The core idea is deceptively simple. Take a real image, add Gaussian noise to it step by step until it becomes pure static, then train a neural network to reverse each step. At generation time, you start with random noise and run the learned denoising process forward. The model never generates an image from scratch in one shot — it sculpts one through dozens or hundreds of iterative refinement steps, each one nudging the noisy mess a little closer to something coherent. This iterative nature is both the strength and the weakness of the approach: it produces remarkably high-quality outputs, but each image requires many forward passes through the network, making generation slow compared to single-pass architectures.
In practice, modern diffusion models do not work directly in pixel space. Latent diffusion (the "Stable" in Stable Diffusion) compresses images into a much smaller latent representation using a pretrained autoencoder, then runs the diffusion process there. This is what made high-resolution generation practical — diffusing a 512x512 image in pixel space requires operating on 786,432 values per step, while the latent space might compress that to 64x64x4, or about 16,384 values. The autoencoder handles the mapping back to pixels at the end. DALL-E 3, Midjourney, Flux, and essentially every competitive image generator today uses some form of latent diffusion.

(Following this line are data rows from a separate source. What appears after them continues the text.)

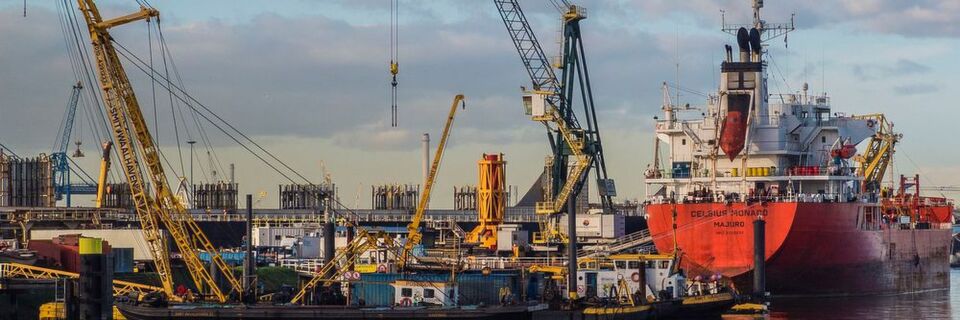 Der Hafen Rotterdam ist, gemessen an der umgeschlagenen Frachtmenge, der größte Hafen Europas und soll nun zum intelligentesten Hafen der Welt umgestaltet werden. Der Hafen Rotterdam ist, gemessen an der umgeschlagenen Frachtmenge, der größte Hafen Europas und soll nun zum intelligentesten Hafen der Welt umgestaltet werden.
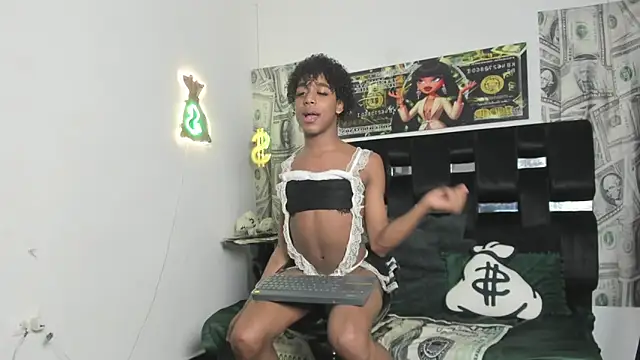 Brunette Latinas online show from October 14, 2:18 pm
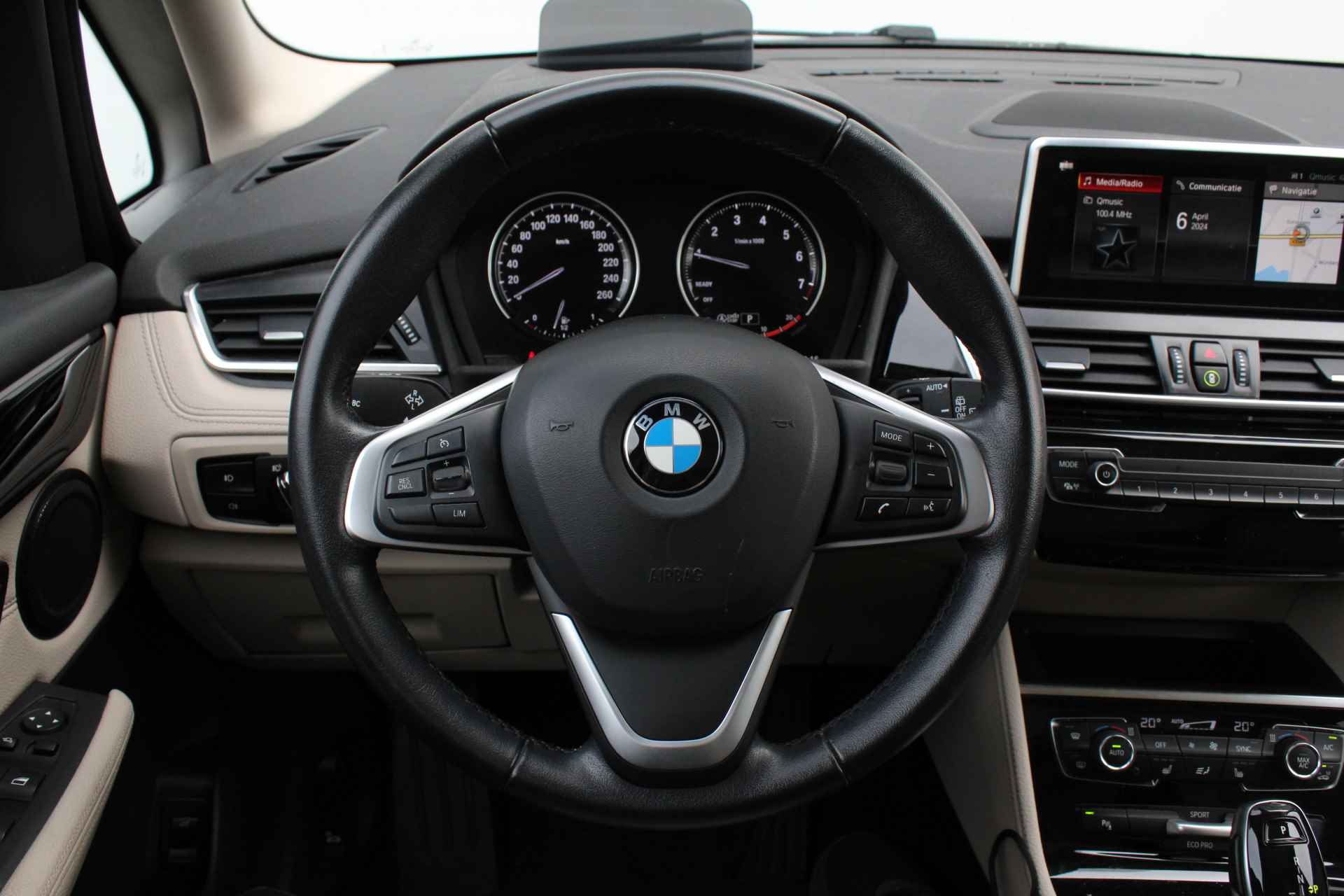 BMW 2 Serie Gran Tourer 218i 7p. High Executive Luxury Line Automaat / Panoramadak / Sportstoelen / Stoelverwarming / LED / Achteruitrijcamera / Park Assistant / Head-Up / Cruise Control - 25/28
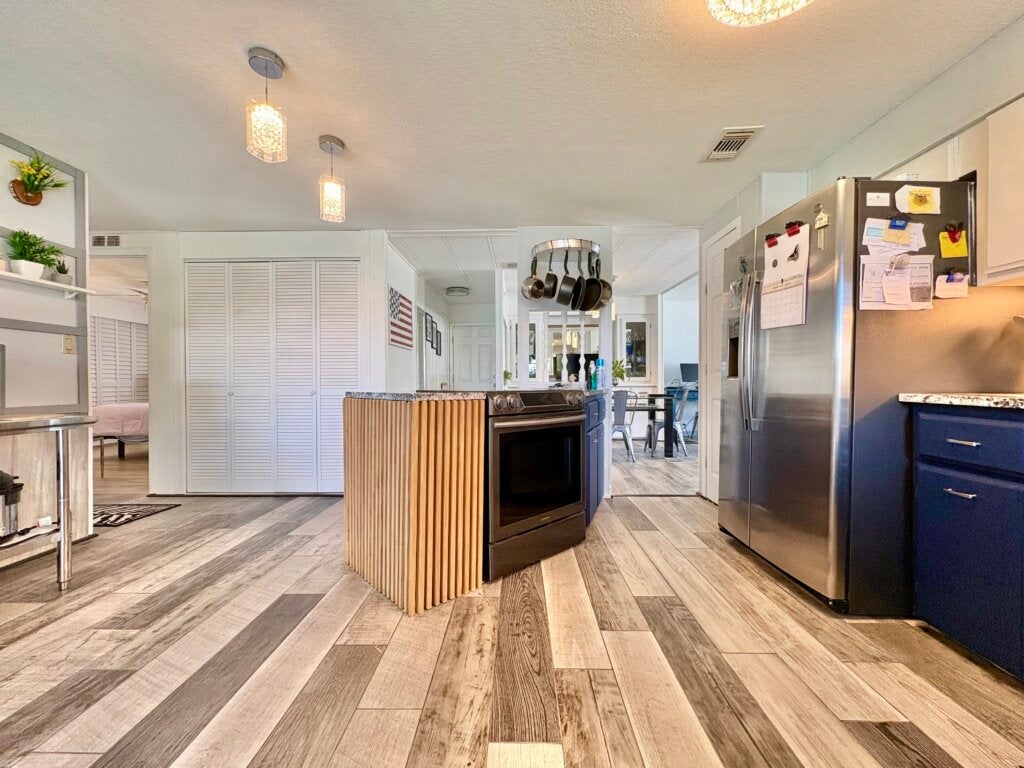 5457 Stonehaven Lane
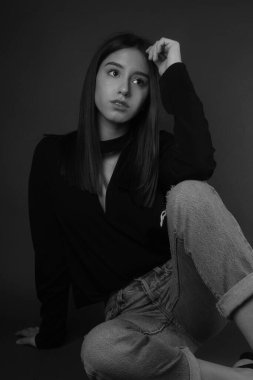 Stüdyoda poz veren şık bir kız.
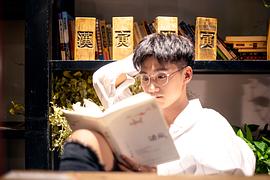 王璨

Conditioning is how you steer the output. Text-to-image models encode your prompt using a text encoder (CLIP or T5, typically), then inject those embeddings into the denoising network via cross-attention at each step. Classifier-free guidance (CFG) is the trick that makes this work well — during training, the model occasionally drops the conditioning signal so it also learns unconditional generation. At inference, you compute both the conditioned and unconditioned predictions, then extrapolate away from the unconditioned one. Higher CFG scales mean the model follows your prompt more literally, but push too far and you get oversaturated, artifact-heavy images. This is that "guidance scale" slider you see in every diffusion UI.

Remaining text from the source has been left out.